L’observation même est plus difficile et plus compliquée qu’autrefois. Il ne s’agit plus de surprendre les secrets d’une cour et de connaître les ressorts assez simples qui font mouvoir un petit nombre d’hommes. Aujourd’hui, le premier rôle appartient aux peuples : il faut donc pénétrer leur tempérament, leurs aspirations, leurs forces ; et ce n’est pas trop, pour cela, de vivre au milieu d’eux, de respirer le même air et d’entrer, pour ainsi dire, dans leur âme. Une diplomatie qui ne recueillerait que des paroles officielles et se tiendrait à l’écart des nations, une diplomatie endormie dans l’existence décorative de ses palais somptueux, ressemblerait à une machine pneumatique qui fait le vide autour d’elle. Jadis on comparait l’Europe, à un échiquier, les politiques à des joueurs penchés sur un problème. Mais supposez que, tout à coup, l’échiquier s’anime, que les tours se mettent d’elles-mêmes en branle, que les cavaliers commencent à sautiller de-ci de-là, en déconcertant les calculs par leurs bonds imprévus : ne faudrait-il pas changer toutes les règles et savoir un peu quelle sorte d’âme agite cette tour rebelle et ce cavalier peu docile ?

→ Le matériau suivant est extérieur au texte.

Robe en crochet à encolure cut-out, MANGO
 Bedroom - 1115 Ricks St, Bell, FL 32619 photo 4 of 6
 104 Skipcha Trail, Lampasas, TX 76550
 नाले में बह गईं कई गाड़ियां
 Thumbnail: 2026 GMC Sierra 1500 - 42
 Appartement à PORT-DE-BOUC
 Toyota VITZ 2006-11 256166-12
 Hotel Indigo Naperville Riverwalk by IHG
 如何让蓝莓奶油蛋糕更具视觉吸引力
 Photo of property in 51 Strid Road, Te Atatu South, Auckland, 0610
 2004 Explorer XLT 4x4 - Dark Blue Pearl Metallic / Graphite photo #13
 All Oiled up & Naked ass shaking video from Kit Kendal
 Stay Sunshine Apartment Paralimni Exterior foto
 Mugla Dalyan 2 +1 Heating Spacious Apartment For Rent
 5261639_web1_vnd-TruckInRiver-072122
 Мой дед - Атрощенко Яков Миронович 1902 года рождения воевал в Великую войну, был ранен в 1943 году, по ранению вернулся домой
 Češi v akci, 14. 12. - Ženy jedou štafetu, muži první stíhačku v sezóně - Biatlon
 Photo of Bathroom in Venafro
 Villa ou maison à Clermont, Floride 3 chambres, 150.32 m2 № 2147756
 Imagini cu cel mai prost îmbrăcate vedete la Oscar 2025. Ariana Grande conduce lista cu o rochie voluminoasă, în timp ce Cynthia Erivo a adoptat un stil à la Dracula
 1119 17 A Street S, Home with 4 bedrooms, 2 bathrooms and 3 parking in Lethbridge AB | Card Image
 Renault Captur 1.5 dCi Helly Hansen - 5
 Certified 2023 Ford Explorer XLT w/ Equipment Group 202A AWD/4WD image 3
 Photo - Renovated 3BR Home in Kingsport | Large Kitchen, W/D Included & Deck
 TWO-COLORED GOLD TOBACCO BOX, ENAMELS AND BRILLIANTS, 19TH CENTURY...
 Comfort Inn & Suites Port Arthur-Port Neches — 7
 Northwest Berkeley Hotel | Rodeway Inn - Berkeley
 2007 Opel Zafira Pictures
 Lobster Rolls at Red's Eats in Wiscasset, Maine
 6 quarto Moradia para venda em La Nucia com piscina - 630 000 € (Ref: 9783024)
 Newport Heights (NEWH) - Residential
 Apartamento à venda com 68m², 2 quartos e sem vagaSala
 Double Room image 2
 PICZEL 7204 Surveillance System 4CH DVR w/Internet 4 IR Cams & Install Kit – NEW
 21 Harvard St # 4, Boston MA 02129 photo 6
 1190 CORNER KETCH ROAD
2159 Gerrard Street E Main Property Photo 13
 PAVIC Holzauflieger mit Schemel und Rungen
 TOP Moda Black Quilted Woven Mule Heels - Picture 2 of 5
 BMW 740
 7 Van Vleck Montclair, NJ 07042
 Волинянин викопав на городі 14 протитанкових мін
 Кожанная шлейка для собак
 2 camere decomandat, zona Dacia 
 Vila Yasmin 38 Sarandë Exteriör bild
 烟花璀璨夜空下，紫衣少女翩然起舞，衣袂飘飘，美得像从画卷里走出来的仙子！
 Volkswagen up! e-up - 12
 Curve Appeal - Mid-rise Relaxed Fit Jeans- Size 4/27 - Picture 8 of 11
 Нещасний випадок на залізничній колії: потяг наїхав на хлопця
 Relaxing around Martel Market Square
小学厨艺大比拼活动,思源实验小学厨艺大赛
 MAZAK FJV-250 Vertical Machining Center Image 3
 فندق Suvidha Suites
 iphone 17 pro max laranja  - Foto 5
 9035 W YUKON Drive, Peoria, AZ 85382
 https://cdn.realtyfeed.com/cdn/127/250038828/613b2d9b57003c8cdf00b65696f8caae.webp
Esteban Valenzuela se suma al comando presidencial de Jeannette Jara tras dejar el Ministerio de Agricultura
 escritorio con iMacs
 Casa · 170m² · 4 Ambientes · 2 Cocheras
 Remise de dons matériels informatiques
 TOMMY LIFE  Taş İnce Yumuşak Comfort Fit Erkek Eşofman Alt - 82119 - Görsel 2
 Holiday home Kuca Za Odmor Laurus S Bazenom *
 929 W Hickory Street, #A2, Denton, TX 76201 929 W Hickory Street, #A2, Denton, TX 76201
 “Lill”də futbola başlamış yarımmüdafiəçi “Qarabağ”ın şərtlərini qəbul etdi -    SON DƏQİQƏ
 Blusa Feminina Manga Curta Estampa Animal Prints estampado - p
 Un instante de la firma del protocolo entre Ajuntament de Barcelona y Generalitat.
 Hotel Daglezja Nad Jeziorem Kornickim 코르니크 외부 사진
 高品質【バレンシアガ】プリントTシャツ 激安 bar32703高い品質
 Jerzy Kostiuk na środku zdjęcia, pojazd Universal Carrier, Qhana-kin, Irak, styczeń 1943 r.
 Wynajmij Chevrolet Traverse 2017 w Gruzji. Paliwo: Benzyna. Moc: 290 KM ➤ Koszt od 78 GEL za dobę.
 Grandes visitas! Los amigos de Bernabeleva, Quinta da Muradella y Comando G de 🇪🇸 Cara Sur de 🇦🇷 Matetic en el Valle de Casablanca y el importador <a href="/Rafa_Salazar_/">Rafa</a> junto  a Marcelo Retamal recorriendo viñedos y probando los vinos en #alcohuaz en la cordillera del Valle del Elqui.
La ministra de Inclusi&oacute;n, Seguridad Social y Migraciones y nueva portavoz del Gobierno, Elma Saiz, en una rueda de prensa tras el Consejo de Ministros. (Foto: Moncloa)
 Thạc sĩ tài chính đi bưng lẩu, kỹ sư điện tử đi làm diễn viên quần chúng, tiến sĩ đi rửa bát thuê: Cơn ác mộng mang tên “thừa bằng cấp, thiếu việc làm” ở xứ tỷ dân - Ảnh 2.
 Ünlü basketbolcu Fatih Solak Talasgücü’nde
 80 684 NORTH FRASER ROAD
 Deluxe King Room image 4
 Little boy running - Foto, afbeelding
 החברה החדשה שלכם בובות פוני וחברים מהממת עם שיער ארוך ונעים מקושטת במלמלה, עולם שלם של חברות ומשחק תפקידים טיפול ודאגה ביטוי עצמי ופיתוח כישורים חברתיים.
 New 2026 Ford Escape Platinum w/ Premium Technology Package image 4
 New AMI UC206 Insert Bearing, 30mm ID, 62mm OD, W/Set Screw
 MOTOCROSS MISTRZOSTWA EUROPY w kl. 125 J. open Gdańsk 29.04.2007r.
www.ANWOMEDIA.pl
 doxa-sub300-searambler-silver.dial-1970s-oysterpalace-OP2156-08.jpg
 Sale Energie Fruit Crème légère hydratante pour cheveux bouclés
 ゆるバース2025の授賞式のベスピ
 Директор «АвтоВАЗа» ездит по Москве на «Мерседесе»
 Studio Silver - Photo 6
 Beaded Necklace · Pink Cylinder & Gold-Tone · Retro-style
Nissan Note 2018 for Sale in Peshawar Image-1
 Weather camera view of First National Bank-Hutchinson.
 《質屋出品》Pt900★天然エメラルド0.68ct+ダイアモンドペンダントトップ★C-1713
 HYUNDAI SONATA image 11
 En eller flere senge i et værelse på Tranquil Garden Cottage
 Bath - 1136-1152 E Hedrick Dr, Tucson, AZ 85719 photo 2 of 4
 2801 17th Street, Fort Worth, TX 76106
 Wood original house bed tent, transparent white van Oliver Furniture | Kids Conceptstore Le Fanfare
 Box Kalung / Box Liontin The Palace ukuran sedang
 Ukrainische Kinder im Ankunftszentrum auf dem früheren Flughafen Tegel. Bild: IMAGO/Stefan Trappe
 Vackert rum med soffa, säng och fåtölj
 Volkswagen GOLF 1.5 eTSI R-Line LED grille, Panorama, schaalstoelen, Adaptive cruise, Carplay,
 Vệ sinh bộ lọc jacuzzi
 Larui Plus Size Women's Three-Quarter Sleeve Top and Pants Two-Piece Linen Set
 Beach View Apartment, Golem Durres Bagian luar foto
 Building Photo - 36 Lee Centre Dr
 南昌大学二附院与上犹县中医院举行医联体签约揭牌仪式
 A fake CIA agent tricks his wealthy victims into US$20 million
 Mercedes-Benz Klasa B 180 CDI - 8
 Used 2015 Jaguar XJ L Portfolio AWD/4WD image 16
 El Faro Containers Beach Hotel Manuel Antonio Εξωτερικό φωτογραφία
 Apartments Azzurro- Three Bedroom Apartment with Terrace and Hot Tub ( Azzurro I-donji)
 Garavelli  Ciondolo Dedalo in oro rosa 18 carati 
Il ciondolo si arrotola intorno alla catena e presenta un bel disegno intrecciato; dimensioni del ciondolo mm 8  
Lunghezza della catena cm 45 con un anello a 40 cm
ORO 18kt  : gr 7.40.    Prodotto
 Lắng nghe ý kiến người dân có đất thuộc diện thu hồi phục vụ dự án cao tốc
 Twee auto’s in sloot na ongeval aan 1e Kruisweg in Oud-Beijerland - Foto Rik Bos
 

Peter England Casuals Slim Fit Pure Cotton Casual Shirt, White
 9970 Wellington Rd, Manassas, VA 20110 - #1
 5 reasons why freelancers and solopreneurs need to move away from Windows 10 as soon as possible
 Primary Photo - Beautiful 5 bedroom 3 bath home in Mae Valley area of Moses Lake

Il ne suffit pas qu’un gouvernement ait de bons yeux : il lui faut encore une tête solide, c’est-à-dire, un peu de stabilité. S’il est vrai que la politique extérieure ne soit que le mariage d’un jeune sentiment national avec une vieille raison d’Etat, n’est-il pas manifeste que ce sentiment ne saurait se passer de guides et cette tradition de gardiens ? Supposez l’opinion publique aussi éclairée que vous voudrez : encore ne peut-elle donner que l’impulsion générale de la politique. Elle est l’arbre de couche qui met toute la machine en branle : cela ne dispense ni des rouages délicats qui transforment ce mouvement, ni du mécanicien qui le surveille, ni du pilote qui le dirige. Notre erreur, en France, est de croire que le gouvernement de l’opinion suffit à tout : de là cette mobilité dans le pouvoir qui est aujourd’hui notre vice capital. Qu’on parcoure la liste des ministres des affaires étrangères à partir du 1er janvier 1589, c’est-à-dire depuis la création des quatre charges de secrétaires d’Etat par le roi Henri III[1] : jusqu’à la Révolution, c’est-à-dire en deux cents ans, on compte seulement 20 titulaires de ce département, ce qui fait, en moyenne, un ministre pour sept ou huit ans. Dans les cent ans qui nous séparent de la révolution

  1. Cette liste se trouve dans l’Annuaire diplomatique de 1893, à la page 333.